Once ligands have been ranked according to their score, S, a threshold on the score, t, will prioritize a top fraction of the data set for testing. Let this top fraction be \(r = P(S > t)\), which is the x-axis of the population hit enrichment curve. The hit enrichment curve (also known as the enrichment curve, accumulation curve, or percent captured response curve) is often used when an entire curve is used to evaluate a virtual screening campaign. Population hit enrichment curves plot \(P(S > t | +)\) on the y-axis, where \(P(S>t|+)\) is known as recall at threshold t.

So far, we have described the population level distributions of random variables X and S, that is, the distribution of ligand activity for the population of drug candidates from which a data set is sampled and the distribution of scores that a ranking algorithm would assign to them. We consider a data set under examination to be a random sample of activity and score pairs \(\{(X_i,S_{i}); i = 1, ..., n\}\) from these population level distributions. Let \(\{S_{i}^+; i = 1, ..., n^+\}\) be the scores that were sampled from the \(+\) class mixture component, \(F_+(s)\), and \(\{S_{i}^-; i = 1, ..., n^-\}\) be the scores that were sampled from the − class mixture component, \(F_-(s)\).

The empirical hit enrichment curve plots the cumulative fraction of actives on the y-axis, identified as a function of the top r fraction of ranked ligands. This means all compounds with scores beyond the percentile \(100(1-r)\) are “tested” and the cumulative fraction of actives determined. Another way of determining this percentile would be to choose a threshold \({\hat{t}}_r\) such that the fraction of items with \(S > {\hat{t}}_r\) is r. We use \({\hat{t}}\) instead of t to denote that this threshold defines a fraction of the sample data and not the population.

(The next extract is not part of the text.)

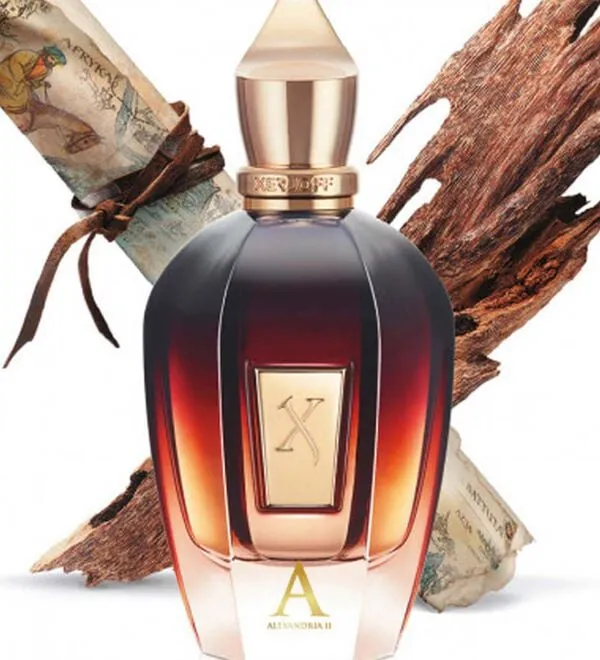 Maison du Parfum inspiration of Xerjoff Torino 21 Premium Perfume Oil 50ml (Copy)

Specifically, we define, \({\hat{F}}(\cdot )\) and \({\hat{F}}_+(\cdot )\) to be the empirical cumulative distribution functions (cdfs) for all and \(+\) scores:

$$\begin{aligned} {\hat{F}}(s)&= \frac{1}{n}\sum _{i=1}^{n}I(S_i \le s),&{\hat{F}}_+(s)&= \frac{1}{n^+}\sum _{i=1}^{n^+}I(S_i^+ \le s). \end{aligned}$$

Given a testing fraction r, we ideally choose a threshold \({\hat{t}}_r\) to be the score percentile selected for testing such that \(r = 1-{\hat{F}}({\hat{t}}_r)\). To accommodate the possible existence of ties in the observed data on scores, we define \({\hat{t}}_r=\min \{t:{\hat{F}}(t)\ge 1-r\}\). Estimated recall at testing fraction r is the fraction of the active compounds that are correctly predicted to be active (i.e. \(S_{i}^+ > {\hat{t}}_r\)) and is thus obtained as \({\widehat{\theta }}_r = 1-{\hat{F}}_+({\hat{t}}_r) = 1-{\hat{F}}_+({\hat{F}}^{-1}(1-r))\). Thus, the empirical hit enrichment curve plots the pairs \(\{r, {\widehat{\theta }}_r\}\).

Jiang and Zhao [14] have shown that if \(\pi _+ \in (0, 1)\), then the empirical hit enrichment curve is an unbiased estimator of the population hit enrichment curve.

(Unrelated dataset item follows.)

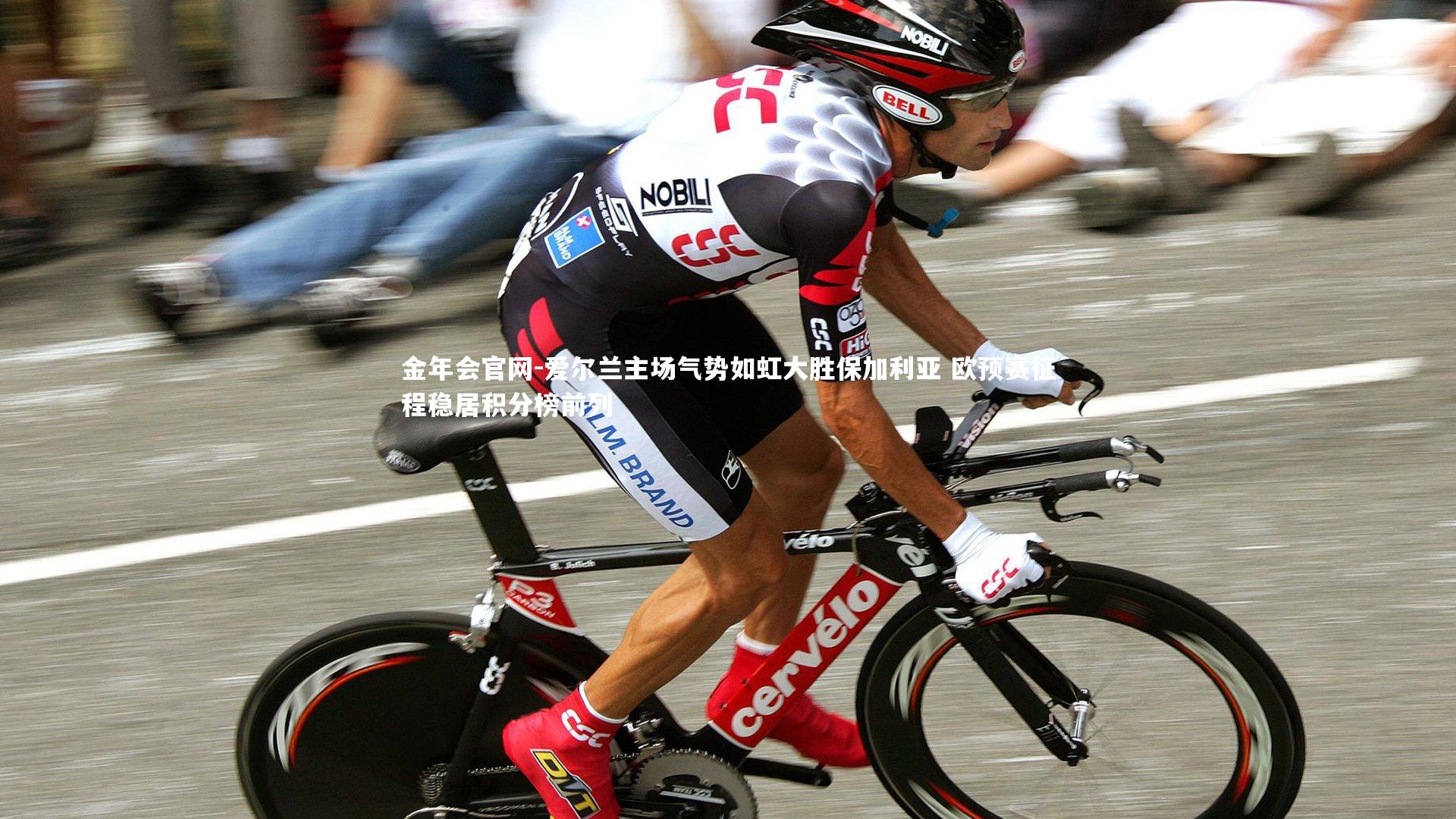 爱尔兰主场气势如虹大胜保加利亚 欧预赛征程稳居积分榜前列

Compare hit enrichment curves from competing algorithms

We wish to determine whether one ranking algorithm has significantly better performance than another at a given testing fraction r. For \(r=1-F(t_r)\), let \(\theta _r=P(S>t_r|+)\) denote the true population-level recall for a ranking algorithm at testing fraction r. Let \(\{(X_i, S_{1i}, S_{2i}); i = 1, ..., n\}\) be a random sample from the ligand activity distribution and the score distributions of ranking algorithm 1 and 2. We assume that the triplets \((X_i, S_{1i}, S_{2i})\) are independent across i. However, \(S_{1i}\) and \(S_{2i}\) are likely correlated. The amount of correlation will depend on the extent to which the scores are measures of the same characteristics of the ligands. For example, competing docking scoring functions are often parameterized in similar ways (e.g., Glide SP and Glide XP; see [15]), and competing QSAR models often utilize highly correlated sets of descriptors. Using the random sample, we estimate the difference in performance between two algorithms at a given r, \({\hat{\theta }}_{1r} - {\hat{\theta }}_{2r}\), and perform a hypothesis test to determine if the difference is significant.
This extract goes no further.